Des défis structurels persistants

Sept enjeux ont été identifiés comme critiques : l’apparition de nouvelles pathologies, la pénurie de personnels qualifiés, la gouvernance déficiente, les inégalités dans l’accès aux soins, les impacts du dérèglement climatique, le retard technologique et la fragilité du financement.

La réforme du secteur s’articule autour de la Loi-cadre 06-22, qui pose les bases d’un changement en profondeur : gouvernance repensée, valorisation des professionnels, refonte de l’offre de soins, et mise en place d’un système d’information unifié et digitalisé.

Les Groupements Sanitaires Territoriaux (GST) incarnent cette nouvelle organisation. Le site pilote de Tanger-Tétouan-Al Hoceima, confié à Mohamed Aggroui, illustre cette transition vers une gouvernance intégrée à l’échelle régionale, avec des parcours de soins coordonnés et une carte sanitaire territorialisée.

Nouvelles structures, nouvelle ambition

Deux nouvelles agences publiques ont été instituées. L’Agence Marocaine des Médicaments et des Produits de Santé, née de la Loi 10.22, a pour mission de structurer l’industrie pharmaceutique et de stimuler l’investissement. La Loi 11.22 consacre quant à elle la création de l’Agence Marocaine du Sang, chargée de garantir l’approvisionnement national en produits sanguins et leur qualité.

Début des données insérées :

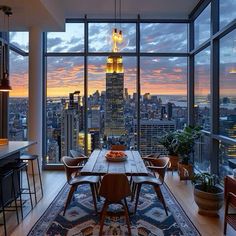 a dining room table with chairs and a rug in front of large windows overlooking the city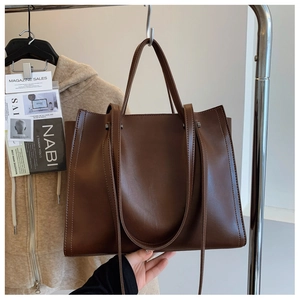 Detail of dark brown leather tote bag showing fine matte texture and durable shoulder strap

La valorisation des métiers de la santé passe aussi par une réforme du système de rémunération, un environnement professionnel plus favorable, une ouverture aux expertises étrangères et un soutien affirmé aux compétences issues de la diaspora.

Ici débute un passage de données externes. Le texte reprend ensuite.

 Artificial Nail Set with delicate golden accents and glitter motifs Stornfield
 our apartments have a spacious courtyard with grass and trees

L’innovation au cœur du renouveau

Le Pr. Saber Boutayeb, directeur du Centre Mohammed VI pour la Recherche et l’Innovation, relevant de la Fondation Mohammed VI des Sciences et de la Santé (FM6SS), a mis en lumière l’essor de la médecine de précision au Maroc.

Le déploiement du séquençage génétique rapide (R-WGS), désormais disponible localement, permet des diagnostics génomiques en moins de dix jours. « Jusqu’ici, il fallait plusieurs mois et des analyses à l’étranger. Désormais, c’est possible ici, grâce à nos compétences », a-t-il déclaré. Il appelle à positionner le Maroc comme acteur de l’innovation en santé sur le plan mondial.

Santé numérique : la révolution nécessaire

Le Pr. Anass Doukkali, président du Centre Innovation E-santé de l’Université Mohammed V de Rabat, a insisté sur l’urgence d’accélérer la digitalisation. Fragmentation des données, absence d’interopérabilité et cadre réglementaire inadapté freinent le développement du numérique en santé.

Il a annoncé la création d’un Observatoire national de la santé, en lien avec le MSPS, mais aussi des acteurs mondiaux, à l’image de la Healthcare Information and Management Systems Society (HIMSS), avec laquelle le CIES a signé un accord, à l’occasion du GITEX Africa 2025 à Marrakech, pour accompagner la maturation digitale du secteur.

« Il faut cesser d’être spectateurs. L’IA, la télémédecine, la prévention digitalisée sont des outils qui doivent être pleinement intégrés », a-t-il plaidé. Rappelant que déjà, en 2021, un jeune Marocain sur deux se disait favorable à la télémédecine.

Gouvernance et équité : les lignes rouges

Le Pr. Jaafar Heikel, médecin épidémiologiste et économiste de la santé, a soulevé une question centrale : qui finance le système ? Pour lui, malgré la couverture maladie généralisée, plus de la moitié des soins sont encore payés directement par les citoyens. Une situation « incohérente et socialement injuste », a-t-il dénoncé.

Il appelle à un rééquilibrage global, fondé sur une meilleure gestion, un soutien fort au capital humain, un financement durable et une réelle stratégie d’investissement. « Il ne s’agit pas de produire des stratégies séduisantes sur le papier, mais d’apporter des réponses concrètes aux besoins du terrain », a-t-il affirmé.

Le Maroc s’est engagé dans une refonte de son système de santé avec une ambition claire : garantir un accès équitable et efficace aux soins pour l’ensemble de sa population. Les progrès sont visibles, les intentions affirmées, les acteurs mobilisés. Mais à l’épreuve des faits, la réussite de cette transformation dépendra de la cohérence de l’action publique, de la persévérance des décideurs, et de la capacité collective à faire converger les efforts vers un modèle pérenne, inclusif et résilient.